Mary se puso en pie de un salto, se atusó el pelo y la falda con las manos y ayudó a su amigo del alma a incorporarse. Él la miró confuso, índicándole que no llevaba puesta la pajarita y el sombrero. La sonrisa que le dedicó su amor recuperado fue tan intensa que se olvidó el sombrero, la pajarita y los zapatos. Mary guió a Bert hasta la chimenea y ambos se arrodillaron frente a ella.
-Nadie es capaz de ver Londres como tú, deshollinador – increpó Mary divertida, tómandolo de la mano – Muéstramela.

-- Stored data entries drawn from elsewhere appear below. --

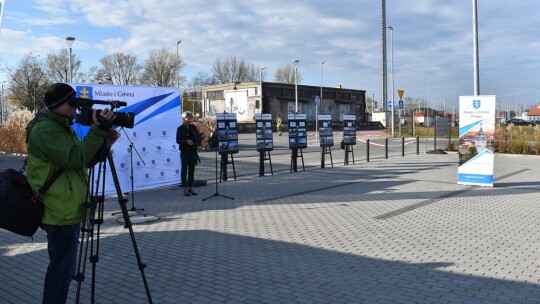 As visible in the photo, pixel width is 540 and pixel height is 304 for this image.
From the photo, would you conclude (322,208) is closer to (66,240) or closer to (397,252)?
(397,252)

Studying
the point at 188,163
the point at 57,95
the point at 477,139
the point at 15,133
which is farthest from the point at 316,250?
the point at 15,133

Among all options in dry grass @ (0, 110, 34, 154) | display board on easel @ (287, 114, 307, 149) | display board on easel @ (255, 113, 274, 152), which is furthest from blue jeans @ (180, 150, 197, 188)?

Bert sabía muy bien lo que debían hacer a continución. Apretó la mano de ella muy fuerte contra el pecho. Metieron la cabeza en el hueco de la chimenea y miraron hacia arriba. Estaba oscuro, pero no lo suficiente para no adivinar la claridad proveniente de afuera. El deshollinador cerró los ojos y enseguida notó como una gran nube de polvo y hollín los eleveba a ambos. Al principio todo era confuso, salvo la mano de Mary aferrada a la suya. Cuando su mente se disipó pudo ver la hermosa ciudad que tanto amaba extendiéndose altiva bajo sus pies. Se volvió para ver como Mary abría su elegante paraguas negro y lo extendía sobre ambos. Se acercó más a ella y logró verse a si mismo reflejado en los espejos de sus pupilas. Bert miró sus manos, antes arrugadas y callosas, ahora parecían tan suaves y tersas como lo habían sido en otra época. Sonrió, regocijándose ante la idea de que pasaría el resto de su existencia junto a Mary.
El sol se puso demasiado pronto aquella tarde. Decenas de personas se aglutinaban en la carretera señalando al cielo. Observaban, asombrados, como dos locos tomados de las manos se alejaban volando con un paraguas.